Mesmo que não possamos dizer se existiu um Jesus de facto, se era um personagem composto de vários episódios que tenham acontecido a várias pessoas, ou se era apenas um personagem metafórico e imaginário, o facto é que houve um grande esforço filosófico e literário por detrás destas obras, quer dos evangelhos quer das várias cartas escritas pelos fundadores do Cristianismo. Vejamos alguns.

«Amarás o teu próximo como a ti mesmo» Gal.5:14. Inovador na altura, e muito actual hoje em dia. Não só amar, mas respeitar os outros como a nós próprios. Igualdade, liberdade, fraternidade. Uma ideia central na nossa sociedade moderna. Infelizmente, não para a Igreja Católica, onde as mulheres são discriminadas e onde uns são mais iguais que os outros.

«Então Jesus entrou no templo, expulsou todos os que ali vendiam e compravam» Mat 21:12. O Jesus desta história era obviamente contra a comercialização da religião. Mais, as suas críticas aos Fariseus, os seus ensinamentos que a oração devia ser privada, a sua rejeição da autoridade religiosa de então, da soberba das vestimentas, do ritual repetitivo e pouco sincero, tudo isto transmitia uma ideia que pode ser facilmente projectada na nossa sociedade moderna: a religião como algo pessoal e privado, e que deve estar separada do poder político e económico. Mais um ensinamento importante que a Igreja Católica esqueceu. A Igreja Católica controla vastos fundos mas não paga impostos. Uma Concordata com o Estado Português confere-lhe poderes à margem da lei do nosso país. O ritual público, a hierarquia da Igreja, a própria forma como os seus líderes se vestem vão contra estes ensinamentos. Se Mateus ressuscitasse hoje, o comércio em Fátima matá-lo-ia de desgosto.

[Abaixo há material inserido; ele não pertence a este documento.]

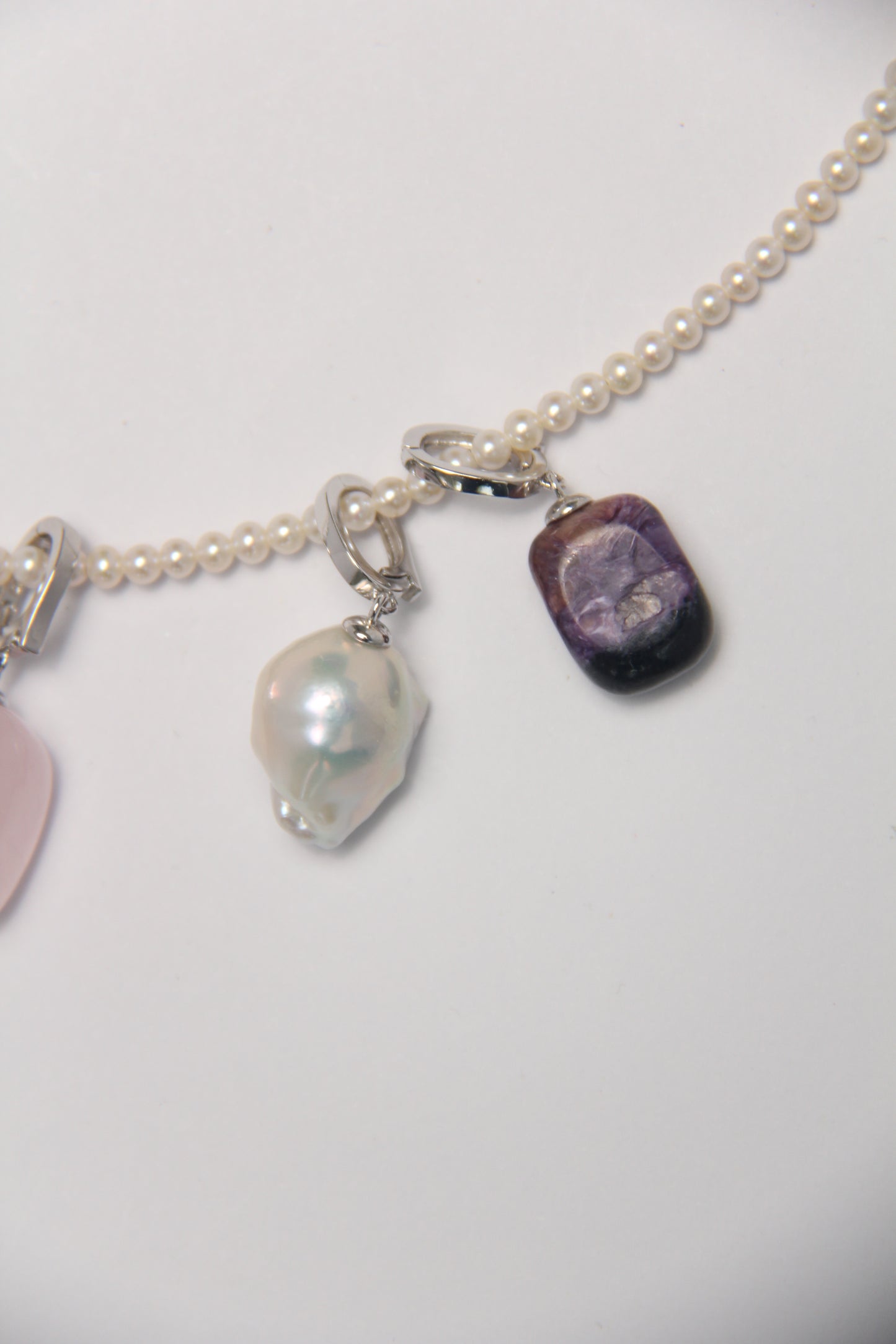 Charms: charoite, morganite, pearls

«Aquele dentre vós que nunca pecou atire-lhe a primeira pedra» Jo. 8:7. O perdão. A tolerância. Não julgar os outros só porque os nossos valores são diferentes. Mais um importante exemplo, mais um princípio fundamental na nossa sociedade multi-cultural, que a Igreja Católica prefere ignorar. A homossexualidade, a contracepção, a crítica sã, entre outras, são sistematicamente condenadas pela Igreja Católica. Até o ateísmo, pois mesmo que já não nos queimem em vida (felizmente!) ainda nos condenam ao fogo eterno por rejeitarmos o seu deus.

Como ateu não me fio na alegada origem divina destes ensinamentos. Mas, como ateu, sei que não precisamos de deuses para ter boas ideias, e respeito estas ideias que tiveram os autores do Novo Testamento.

Por isso entristece-me que uma organização como a Igreja Católica, supostamente a guardiã destes valores, prefira focar os aspectos supersticiosos dum nascimento milagreiro, ou o acto eticamente questionável de crucificar um inocente para salvar pecadores, ou exigir aos crentes que afirmem repetidamente que acreditam “na Santa Igreja Católica”.

Aproveitando o espírito natalício Cristão, pedia um favor aos Católicos. Quando disserem o Credo, substituam a afirmação de crença na Igreja pela crença na igualdade, na fraternidade, e no respeito pelos valores e crenças dos outros. Não só ficará o vosso credo mais próximo da ideia original, mas ajudarão o Cristianismo, outrora na vanguarda destes valores, a recuperar um pouco do seu grande atraso em relação à nossa sociedade.